Page 16 of Haunted

As she stops, her scent fills my nose. Something heavy, almost musky, and a bit sharp. A floral that would forever signify death in my mind.

“You’re angry with me,” she says.

I don’t look up, and I don’t open my eyes.

“You must have truly cared for the girl. It is a tragedy.”

I note no words of apology. No admittance of guilt.

“When she left my chambers this morning,” I mutter, “she was not in the mind to kill herself.”

“Time to herself to process what happened must have changed her view on life. I’m sure your captivating presence held her steady, but once you let her return to her chambers, she saw how hopeless her circumstances had become.”

I want the empress gone. I cannot stand another moment with her. As she towers above me, and though my eyes are closed, I feel her scrutiny. All my being pushes forth effort not to cringe.

“I let the lords go, with an escort of dragon riders,” the empress says, “and Lord Jasher, to take the girl’s body away for a funeral.”

She let a traitor go? Shock slips up the veins in my arms, and my shoulders go numb.

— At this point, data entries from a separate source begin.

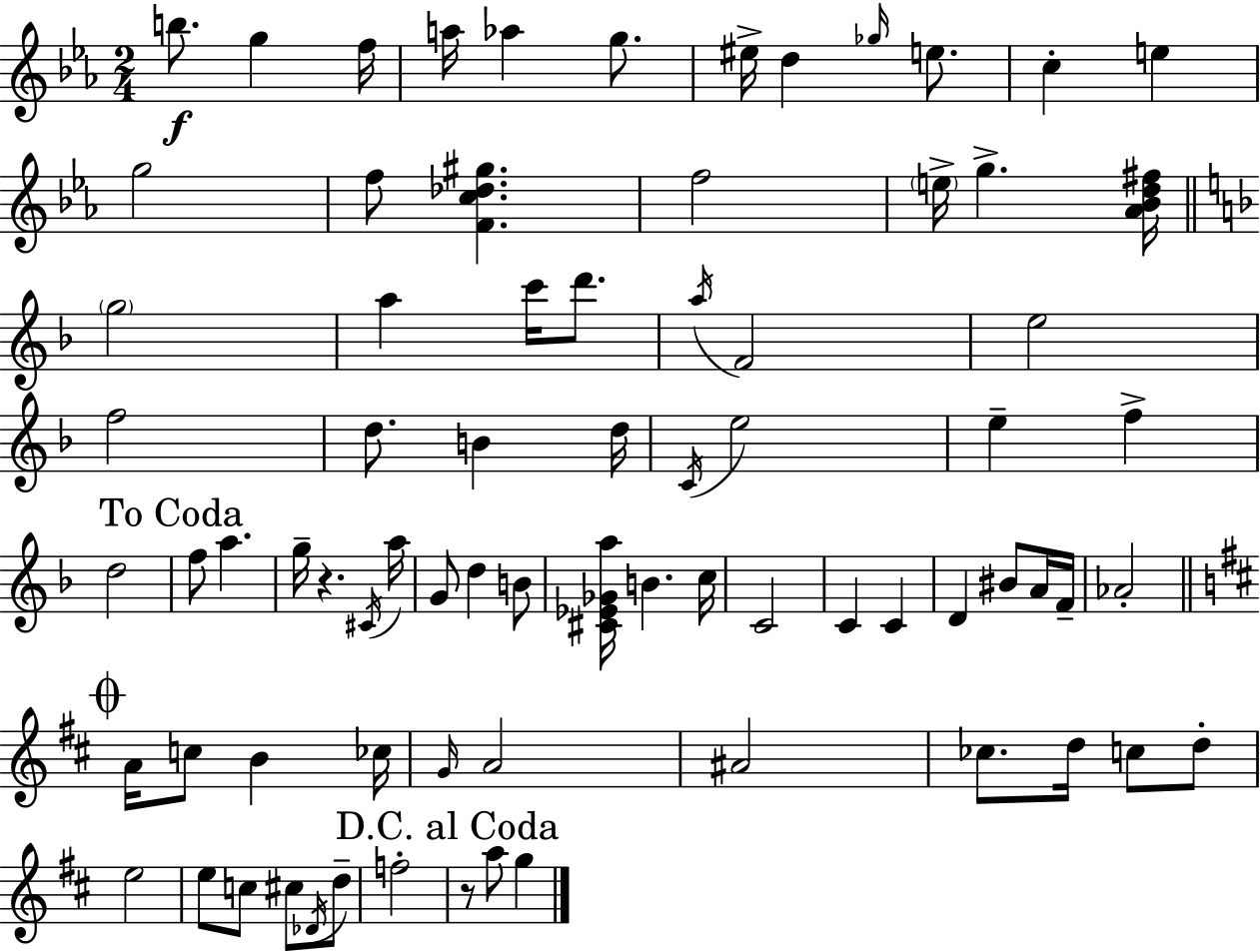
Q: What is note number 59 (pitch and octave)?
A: CES5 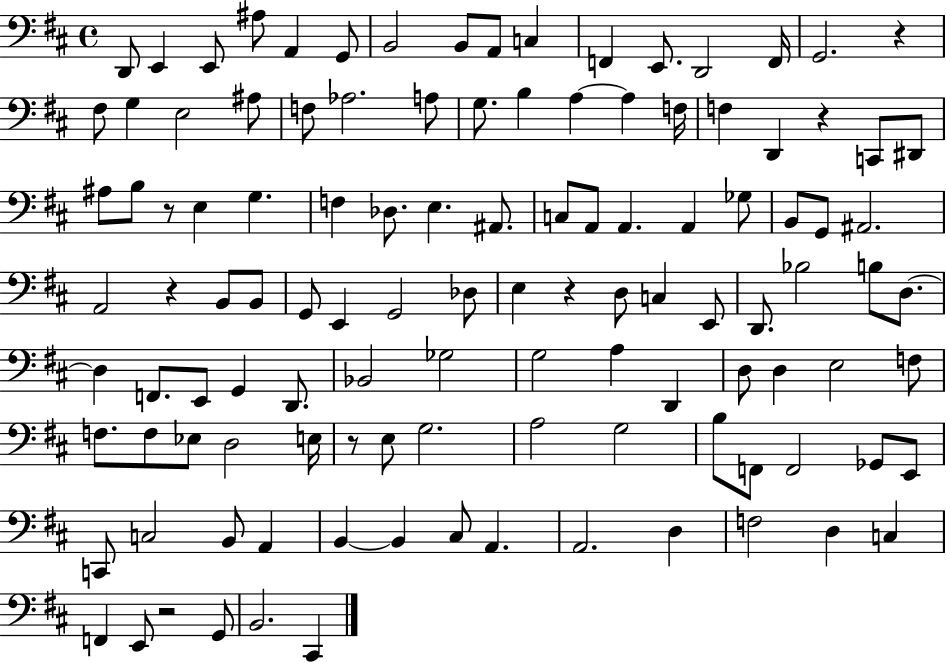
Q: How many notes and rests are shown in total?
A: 115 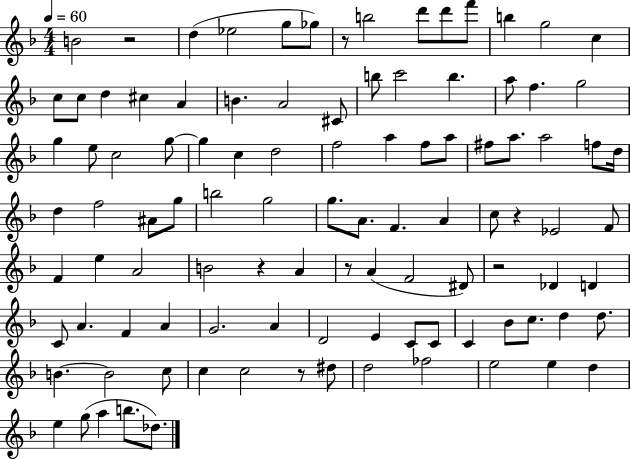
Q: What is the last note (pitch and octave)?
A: Db5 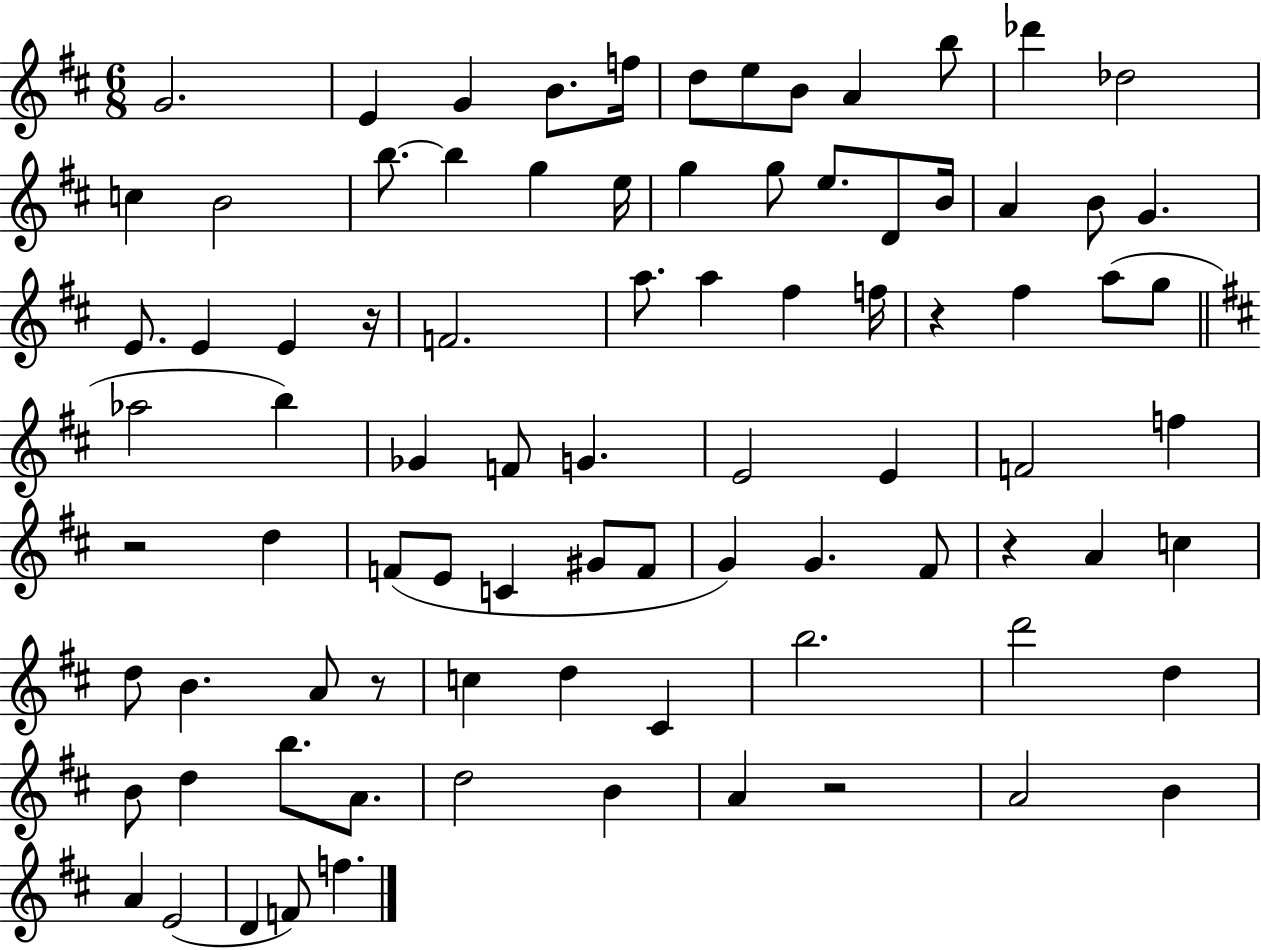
G4/h. E4/q G4/q B4/e. F5/s D5/e E5/e B4/e A4/q B5/e Db6/q Db5/h C5/q B4/h B5/e. B5/q G5/q E5/s G5/q G5/e E5/e. D4/e B4/s A4/q B4/e G4/q. E4/e. E4/q E4/q R/s F4/h. A5/e. A5/q F#5/q F5/s R/q F#5/q A5/e G5/e Ab5/h B5/q Gb4/q F4/e G4/q. E4/h E4/q F4/h F5/q R/h D5/q F4/e E4/e C4/q G#4/e F4/e G4/q G4/q. F#4/e R/q A4/q C5/q D5/e B4/q. A4/e R/e C5/q D5/q C#4/q B5/h. D6/h D5/q B4/e D5/q B5/e. A4/e. D5/h B4/q A4/q R/h A4/h B4/q A4/q E4/h D4/q F4/e F5/q. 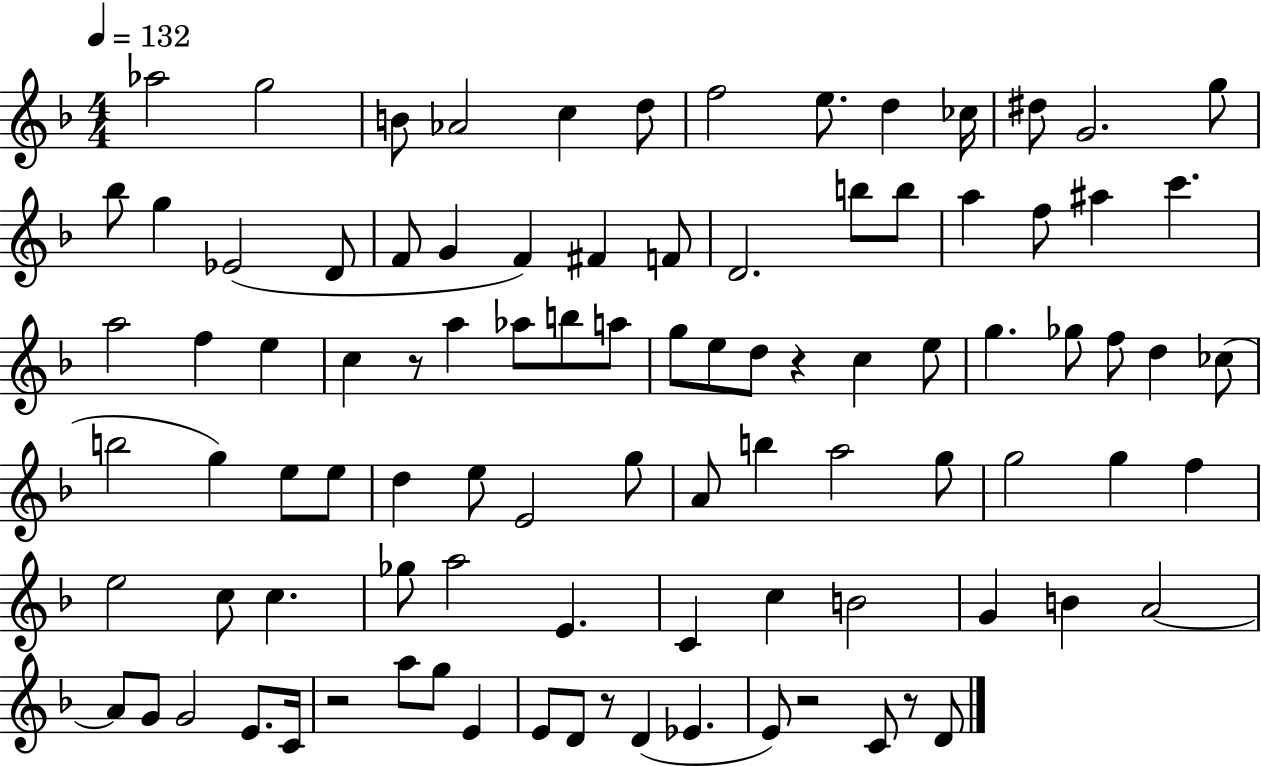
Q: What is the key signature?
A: F major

This one tenderness changes nothing.

“Caedryn, how can I make this right?”

Does she really ask this of me? “I demand justice for Emleen. Find me the culprit and put his head on a platter.” Let me see Empress Rhianu admit guilt when she is the faulty person. She’ll most likely cut off the head of a guard and present it.

When the empress braces her hands on either side of my chair and her breath touches my face, I open my eyes to her leaning toward me.

Her expression hardens. “How would you like me to present your head?”

“What are you talking about?”

“You didn’t touch her.”

“Of course I did.” With daring, I shoulder past the empress and out of my chair. Remain calm. Show no vexation. I pace to the fireplace but whirl back, ready to face her.

The empress’s eyes are piercing and aglow with firelight as she straightens and steps toward me. “Had you forcefully taken her virtue, you would have become a Dark Emrys. You would have transitioned.”

“I knew Emleen. As you said, I was sweet on her. She readily consented to our pairing. No transition took place because it wasn’t warranted.” The lies are so thick on my conscience that my heart feels ill. How could I have neglected to take into account how intimacy affects half-emrys? Those who take the virtue of another shift their balance of partial light to complete darkness. But my excuse is plausible.

“Be that as it may, her life was forfeit.”

“What about what we discussed about showing leniency?”

“What did you expect,” the empress says, “that I reward her father? If I must suffer, so must others.”

“You admit suffering,” I say with snide spite. “The great empress, sorrowed by the death of her dog.”

She slaps me. I don’t lift my hand to touch the biting sting that spreads across my jaw. The empress turns from me and stares into the fire. A subtle rounding of her shoulders portrays a crack in her demeanor, a break in her commanding presence.

I seize this moment to affirm my loyalty. “My apologies. I didn’t know how much you cared for Drago.”

“A ruler has no friends, Caedryn.” Her voice is timid, but as soon as her confession passes her lips, the empress snaps upright. “I shouldn’t expect the good fortune of having a companion as loyal as a dog either.”

The conversation is finished. Empress Rhianu swishes from the room, taking the cold with her.

I smile. She has more weaknesses than I could fathom.

15

The empress bends over a map in the war room. The lighting is low because only a candelabrum sits on the table, breaking up the gloomy blackness. Loose hair hangs over her shoulder. She braces both her hands on the table and doesn’t look up even though I’m sure she knows I’m lingering in the doorway.